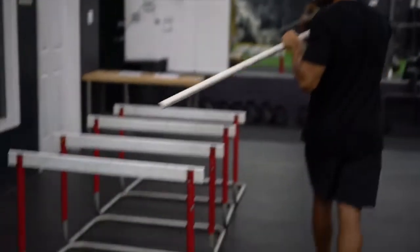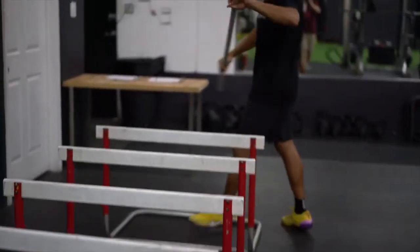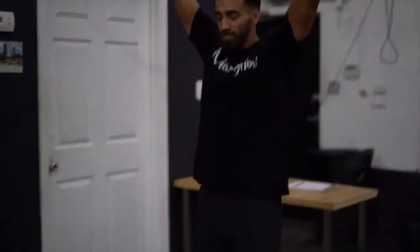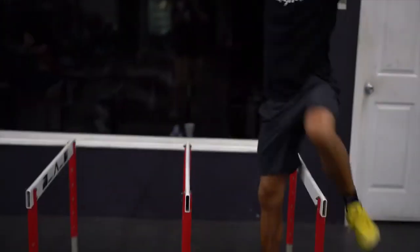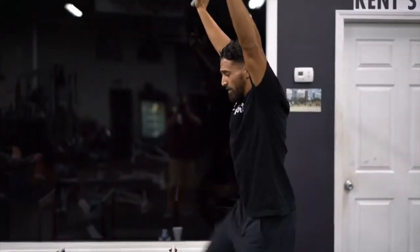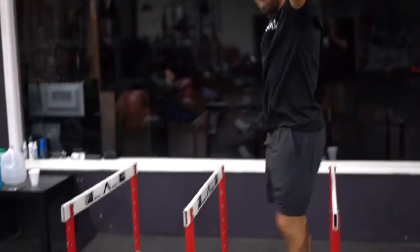If you have some hurdles, what I'd like to do is get them pulled. So you're tall as an arrow. You're going to go with your right leg first every time. Lift it straight up, snap the other leg. What I don't want is you to wind up — drive straight up, come across. I like doing two sets with the right leg lead and then doing two sets with the left leg lead.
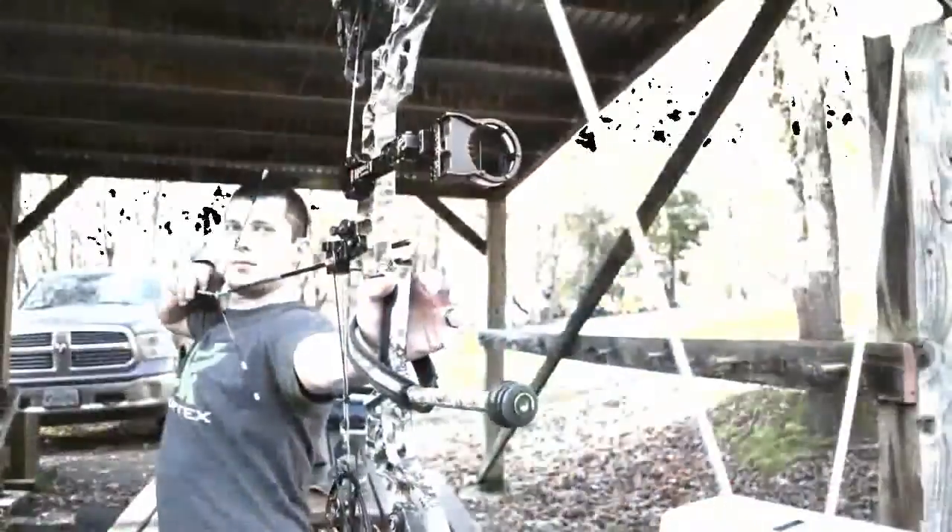At 30 yards, I'll take you out there and see my group, how good or bad it is. I'm not trying to shoot an amazing group today — I'm really just trying to see if there's any peep twist, if there's any changes between speed, which could be the bow, but really just maybe a few months down the road I'll chronograph it again and see if I've lost any feet per second. I'm really happy with the string and we're going to shoot some arrows down the range real quick and we'll see how good it is.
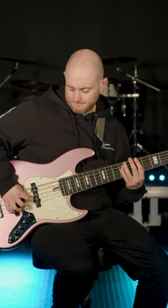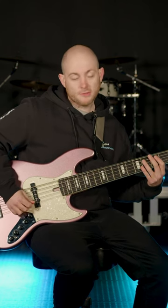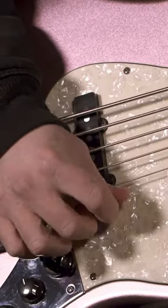Do that on every string. When you get to the last string, obviously there's nothing underneath it, so just try and keep the plectrum as close as you can to the string, and then back up.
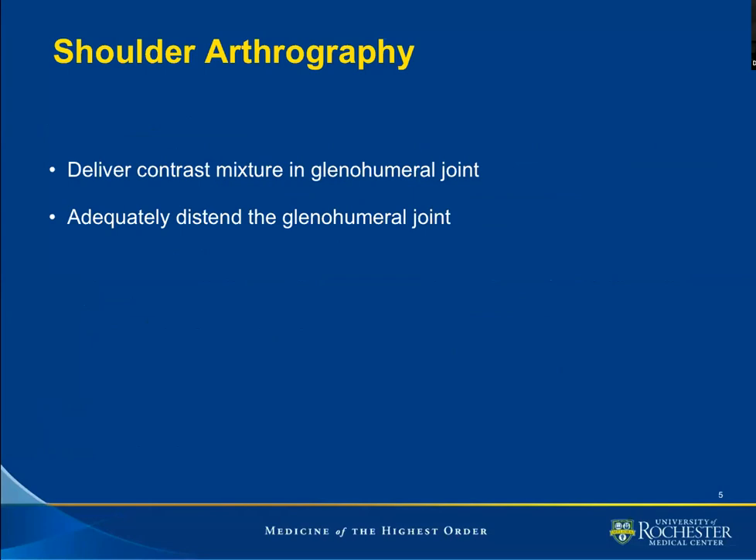The crux of the matter for shoulder arthrography is twofold: one, to deliver contrast within the glenohumeral joint, and two, to adequately distend the glenohumeral joint.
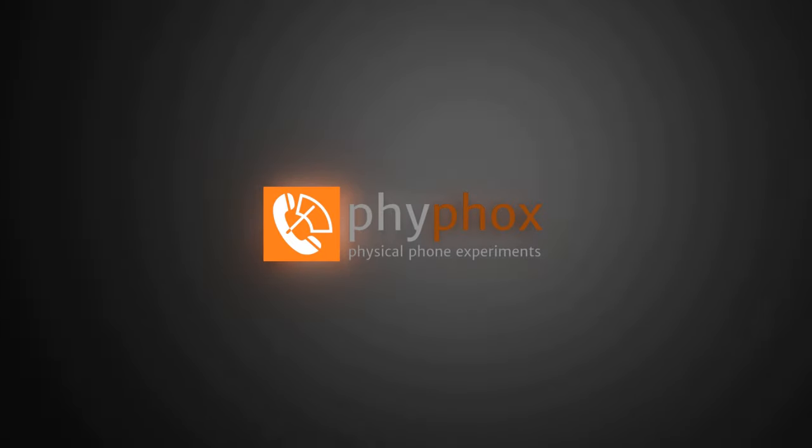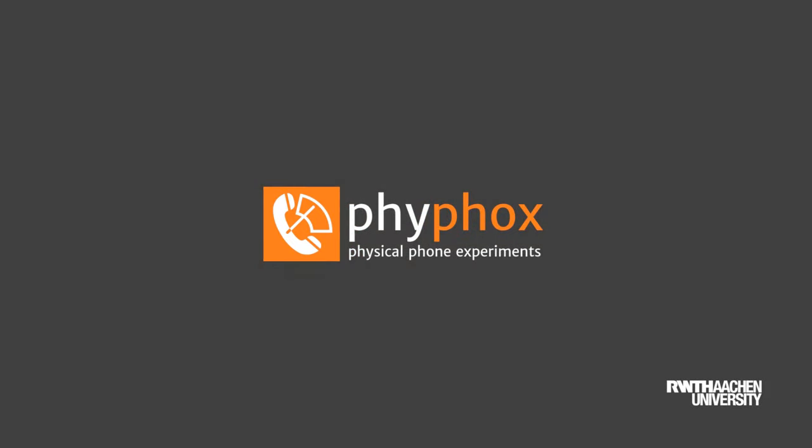Yes, you can measure the speed of sound with your phone. Hey folks, this is Sebastian and I'm here today with our PhD student Simon. Hey there! I would try to keep this video short because this is a really simple experiment.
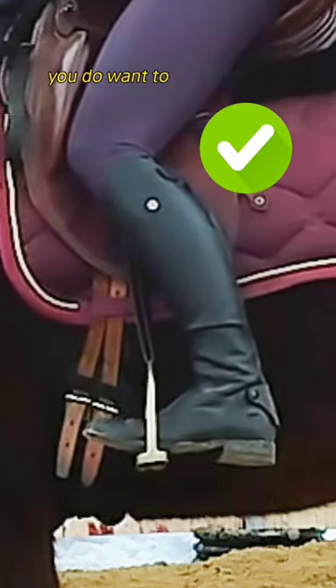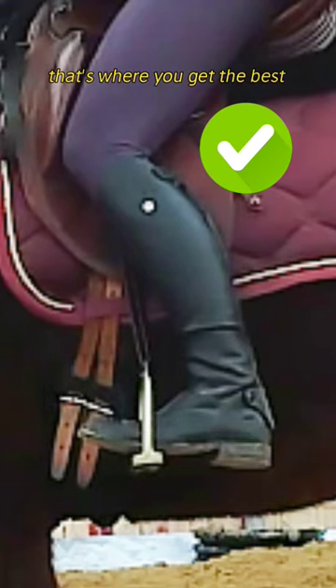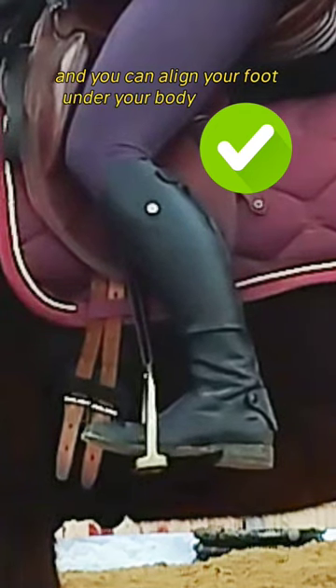You do want to place it under the ball of your foot. That's where you get the best support from the stirrup and can align your foot under your body correctly.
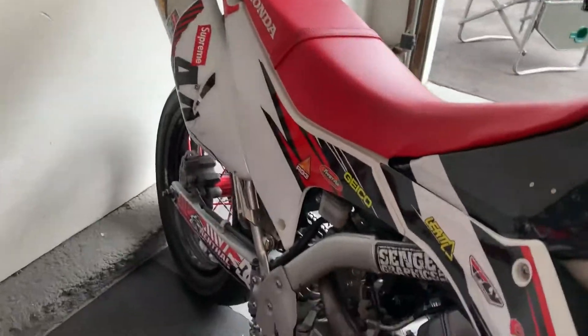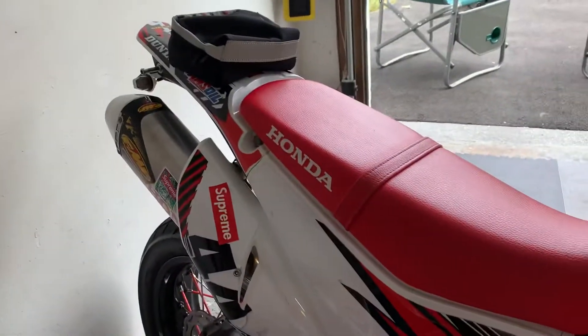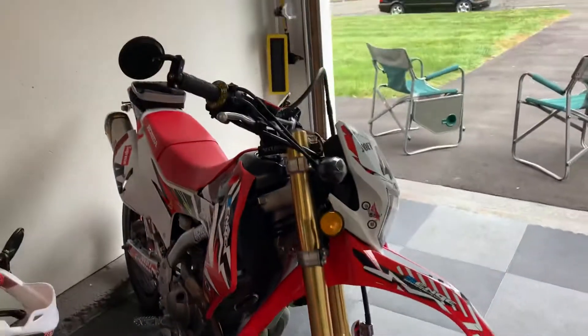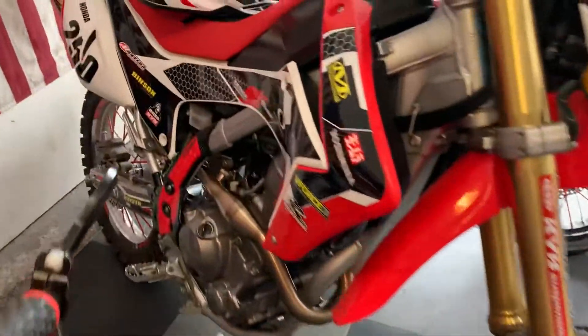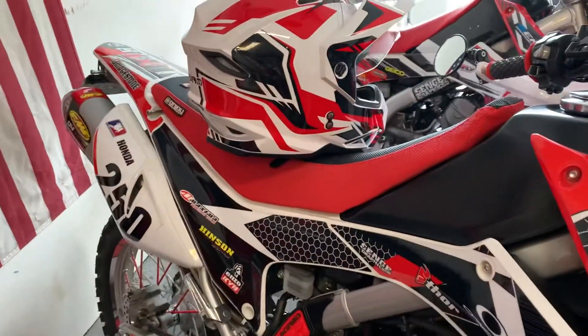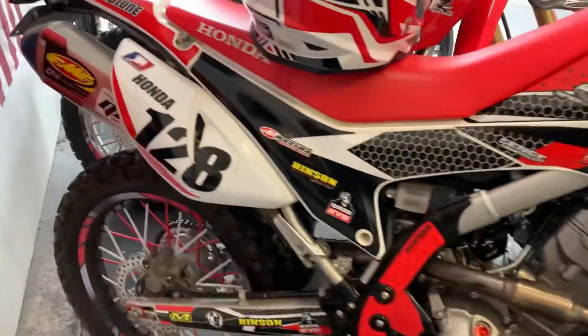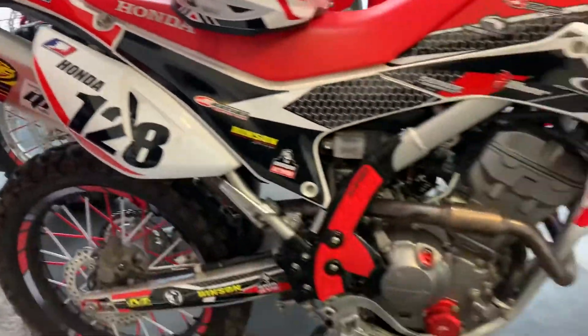Going right down the line: this one has the full exhaust from the header all the way back with the FMF. Same thing with the next one — full exhaust, FMF. And going back to the last one — full exhaust, FMF as well.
::::
-- Work order --
Could you repeat exactly the lines from the one containing "You do want" through the last line of the records, both included, without the pictures?

-- Answer to this exercise --
You do want to place it under the ball of your foot. That's where you get the best support from the stirrup and can align your foot under your body correctly.
Going right down the line: this one has the full exhaust from the header all the way back with the FMF. Same thing with the next one — full exhaust, FMF. And going back to the last one — full exhaust, FMF as well.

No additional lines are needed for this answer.